#### Exercise goal:
Please transcribe only the lines from the one holding "11 Alroe Court, Kearneys Spring QLD 4350" through the final line of the data, both included, with no pictures.

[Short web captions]
_____

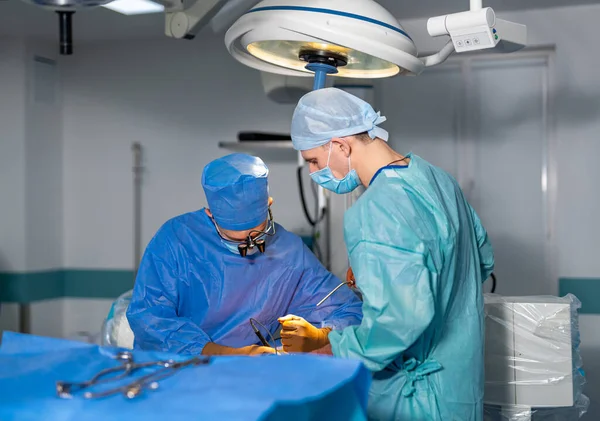 Modern Sebészeti Csapatmunka Kórházban Orvosok Sürgősségi Csoportja Dolgozik Kórházi Szobában — Stock Fotó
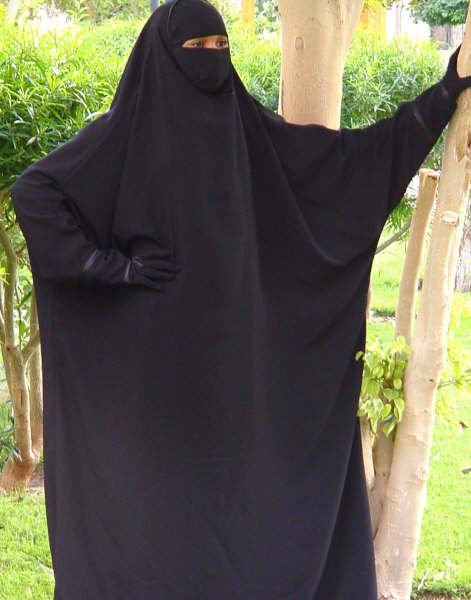 overhead_abaya_ha31-1.jpg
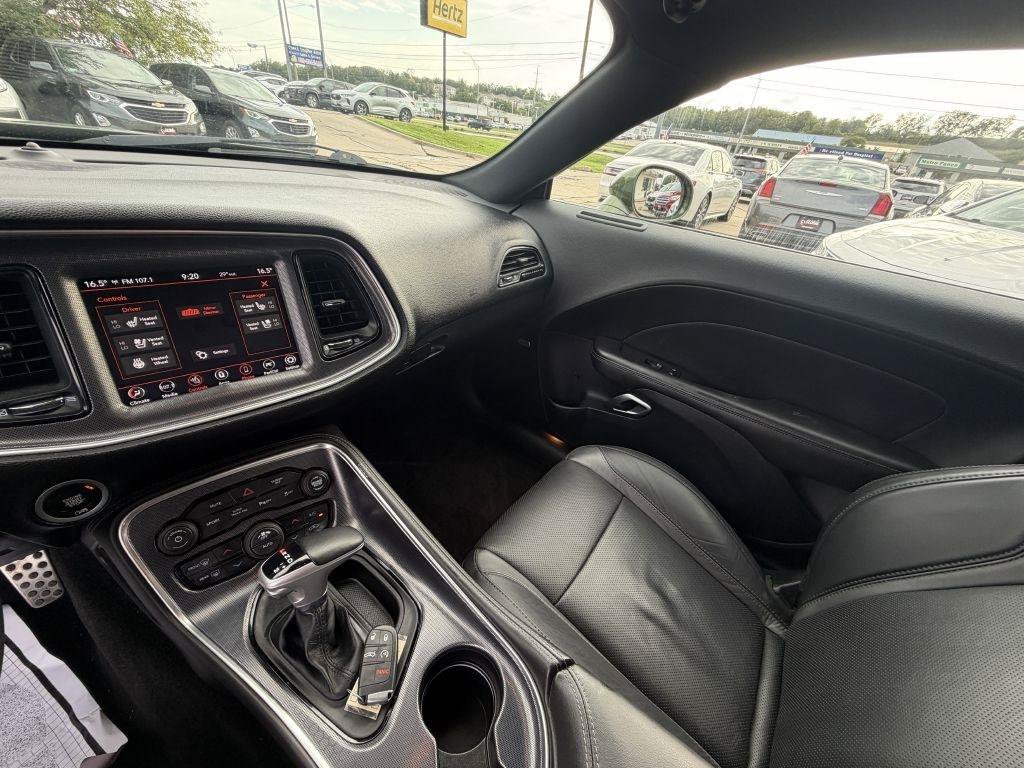 Used 2018 Dodge Challenger GT w/ Driver Convenience Group AWD/4WD image 18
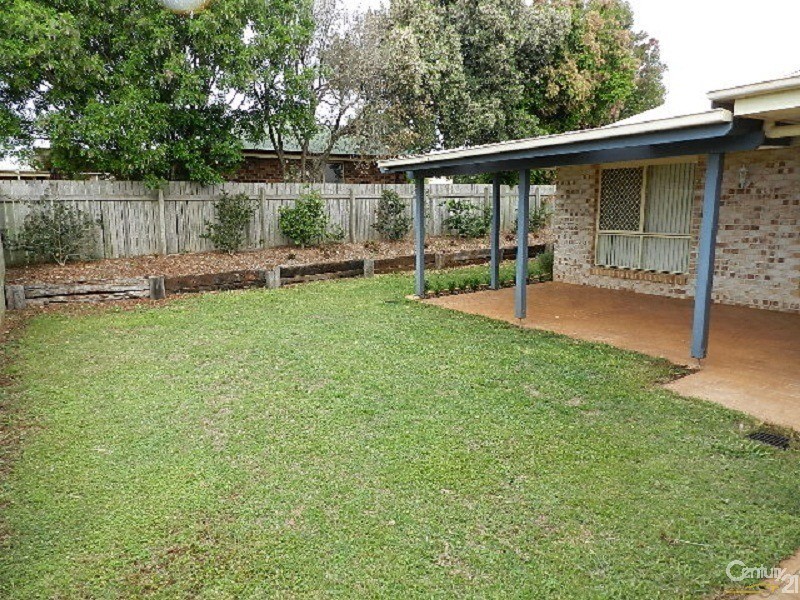 11 Alroe Court, Kearneys Spring QLD 4350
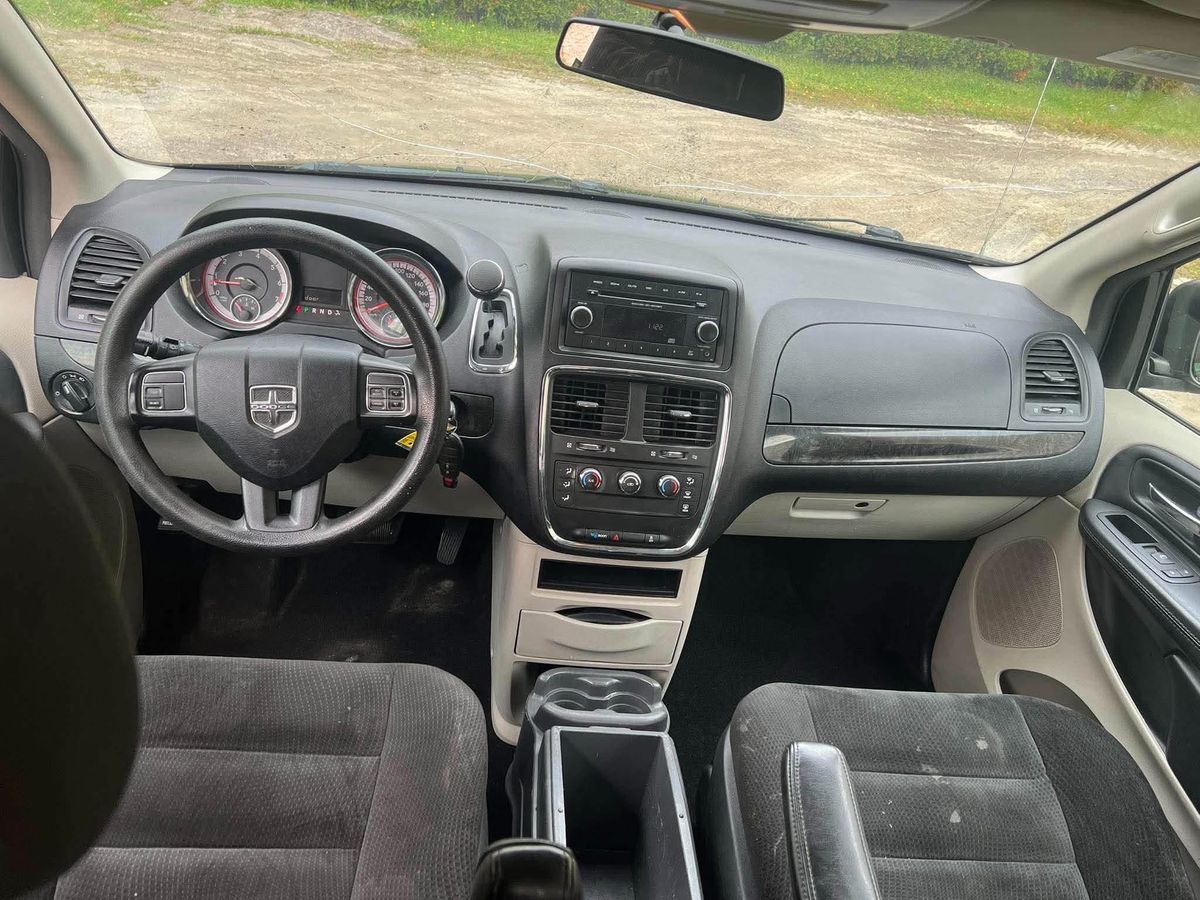 2016 Dodge Caravan usagé à vendre à Portneuf — photo 3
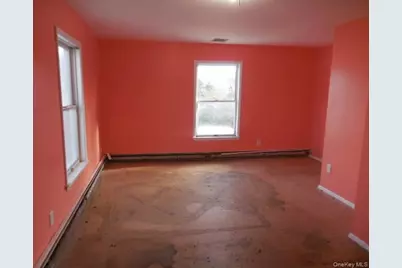 306 Greeley Avenue, Sayville, NY 11782 - Photo 32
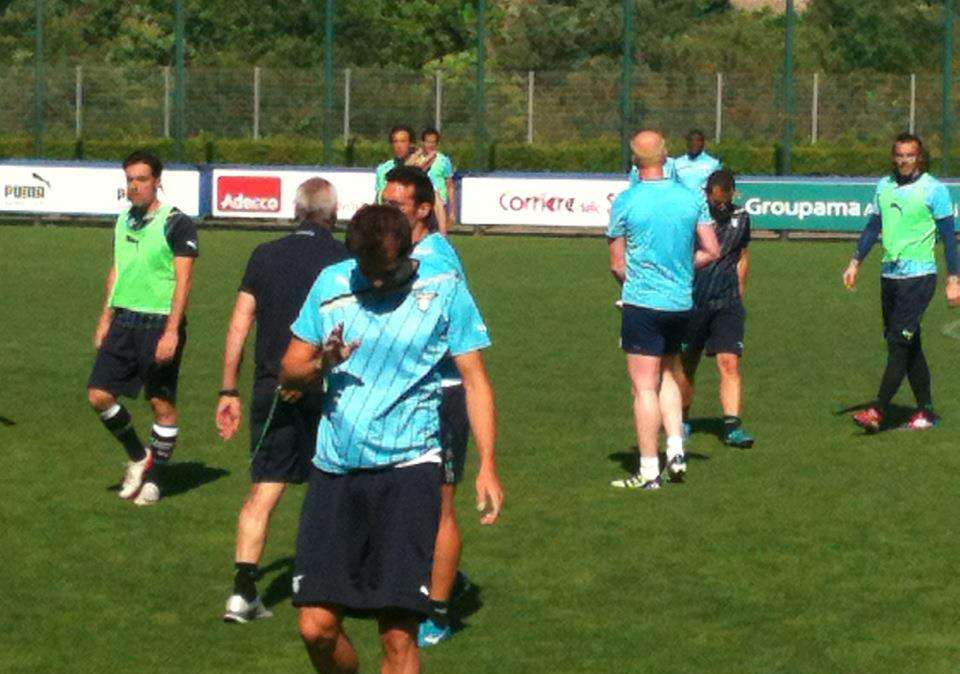 FORMELLO - Partitella a ranghi misti e brindisi finale: Lotito arriva e va in infermeria... Hernanes: "Resto? Speriamo di sì" - PHOTOGALLERY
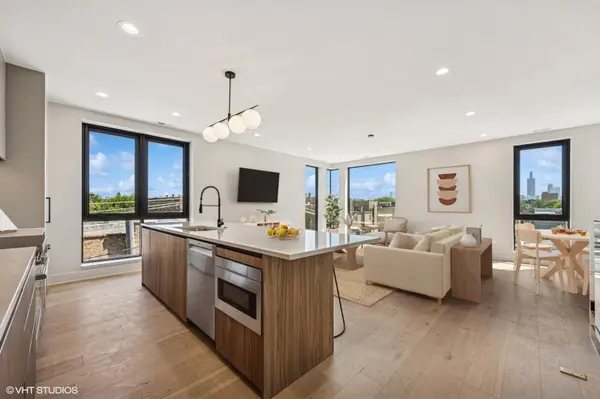222 S Oakley BLVD #3, Chicago, IL 60612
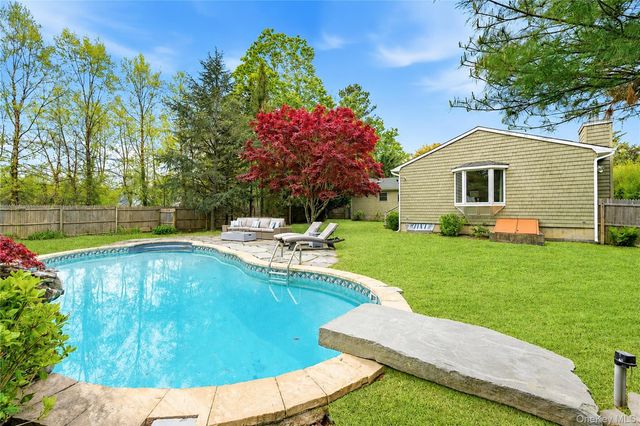1545 Indian Neck Lane, Peconic, NY 11958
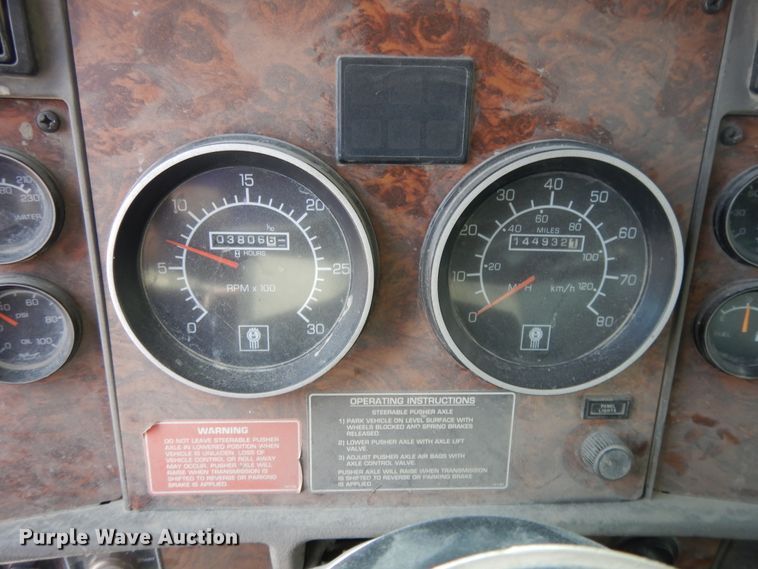 image for item DG7946 2002 Kenworth W900  construction dump truck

_____

#### Response below:
 11 Alroe Court, Kearneys Spring QLD 4350
 2016 Dodge Caravan usagé à vendre à Portneuf — photo 3
 306 Greeley Avenue, Sayville, NY 11782 - Photo 32
 FORMELLO - Partitella a ranghi misti e brindisi finale: Lotito arriva e va in infermeria... Hernanes: "Resto? Speriamo di sì" - PHOTOGALLERY
222 S Oakley BLVD #3, Chicago, IL 60612
1545 Indian Neck Lane, Peconic, NY 11958
 image for item DG7946 2002 Kenworth W900  construction dump truck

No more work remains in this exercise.